Your task | The pictures must be left out, while the rest of the data is copied exactly.

Supplied information |
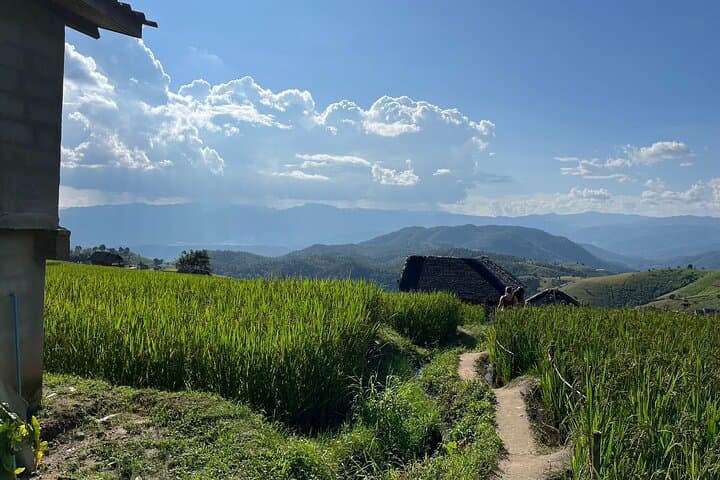 Doi Inthanon & Pa Pong Piang: Chiang Mai's High-Altitude Rice Terraces and Waterfalls photo 2
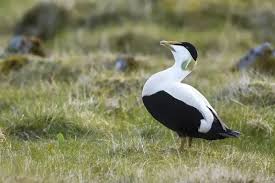 Attēlu rezultāti vaicājumam “Somateria mollissima male”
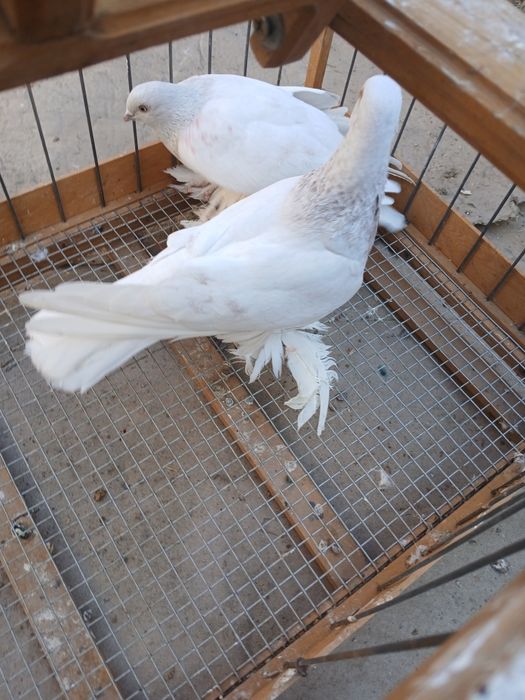 Голубь сиреневые тасманы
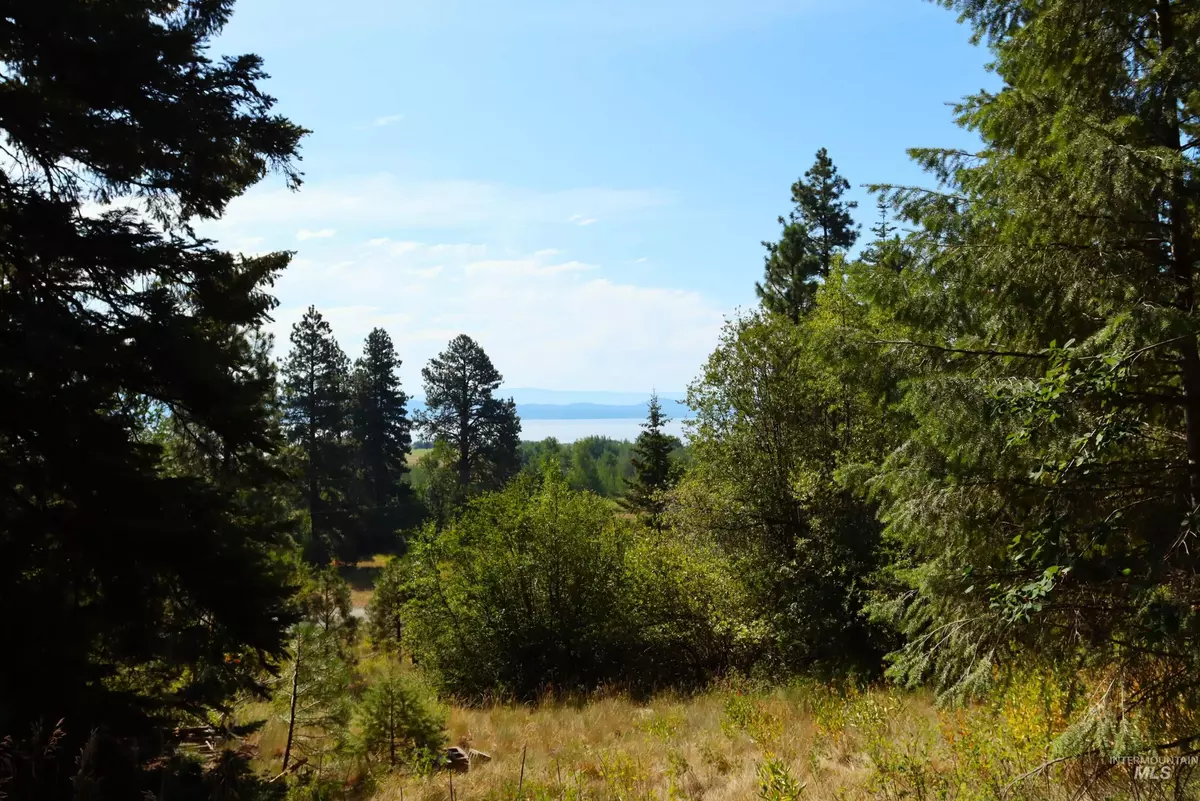 Donnelly, ID 83615,5 Tamarack Trail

Your response |
 Doi Inthanon & Pa Pong Piang: Chiang Mai's High-Altitude Rice Terraces and Waterfalls photo 2
 Attēlu rezultāti vaicājumam “Somateria mollissima male”
 Голубь сиреневые тасманы
 Donnelly, ID 83615,5 Tamarack Trail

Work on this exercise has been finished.